County officials held an emergency virtual meeting on Monday night, where they discussed a wide range of topics concerning the end of this school year and the beginning of next, including coursework, the budget and what to do about graduation. While that decision is expected to come soon, in the meantime officials are asking schools in the county to honor the class of 2020 by turning their stadium lights on for 20 minutes this Friday at 8:20 p.m.
Officials also said that employees will be paid on their current salary schedule and that they anticipate state leaders will pass a resolution and address next year’s budget in the fall.
Here in North Myrtle Beach, Ocean Drive Elementary Principal Renea Fowler expressed her support for the governor’s order closing schools, saying, “We miss our students greatly but our number one priority is their safety.”
She said that while it has been a complex and demanding process to implement and carry out everyday, it has been rewarding to see the community come together over their childrens’ education.
“The eLearning experience has been different but we have embraced it, and been very successful and pleased,” she said. “We have a high percentage of students who have turned in their work, either digitally or through paper-and-pencil methods.”
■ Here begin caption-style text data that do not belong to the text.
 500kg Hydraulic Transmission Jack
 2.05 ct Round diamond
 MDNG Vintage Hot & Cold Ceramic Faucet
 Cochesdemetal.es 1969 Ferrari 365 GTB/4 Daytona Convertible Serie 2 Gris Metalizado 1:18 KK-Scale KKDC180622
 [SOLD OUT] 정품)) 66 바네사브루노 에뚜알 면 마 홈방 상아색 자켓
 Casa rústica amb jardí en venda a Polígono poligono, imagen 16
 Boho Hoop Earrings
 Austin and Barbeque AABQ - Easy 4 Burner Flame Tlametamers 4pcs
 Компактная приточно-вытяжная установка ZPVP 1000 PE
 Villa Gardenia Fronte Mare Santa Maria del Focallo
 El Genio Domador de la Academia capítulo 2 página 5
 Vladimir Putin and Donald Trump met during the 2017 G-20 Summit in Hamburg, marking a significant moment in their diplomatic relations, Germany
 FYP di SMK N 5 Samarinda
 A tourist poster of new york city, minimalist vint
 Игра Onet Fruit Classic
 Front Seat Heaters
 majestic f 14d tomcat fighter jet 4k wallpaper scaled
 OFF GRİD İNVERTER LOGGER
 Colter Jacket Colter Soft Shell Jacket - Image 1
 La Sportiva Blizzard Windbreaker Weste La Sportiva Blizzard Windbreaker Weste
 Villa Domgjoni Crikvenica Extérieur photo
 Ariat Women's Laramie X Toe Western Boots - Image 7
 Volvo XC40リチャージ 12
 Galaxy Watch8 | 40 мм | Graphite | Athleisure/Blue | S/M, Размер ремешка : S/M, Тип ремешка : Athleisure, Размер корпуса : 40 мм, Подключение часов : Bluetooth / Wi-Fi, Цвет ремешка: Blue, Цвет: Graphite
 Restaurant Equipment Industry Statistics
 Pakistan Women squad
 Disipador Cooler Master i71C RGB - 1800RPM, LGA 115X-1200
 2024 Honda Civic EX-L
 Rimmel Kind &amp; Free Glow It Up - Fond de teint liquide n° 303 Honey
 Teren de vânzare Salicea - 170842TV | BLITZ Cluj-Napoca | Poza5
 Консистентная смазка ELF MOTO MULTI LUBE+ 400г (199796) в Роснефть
Fowler said the feedback she has received from parents has been overwhelmingly positive and understanding of what a difficult job teachers do on a daily basis, but especially at this moment. She said many parents are realizing how challenging educating their own children is and have even more admiration now for teachers.
She hopes that students can go back to normal and into classrooms in the fall “but if we have to adjust we’ll do so accordingly as to what our governor dictates.”
She took the opportunity to share some words of wisdom we all need to keep in mind. “It’s important that everyone remembers we’re all in different boats but we’re all going through the same storm.”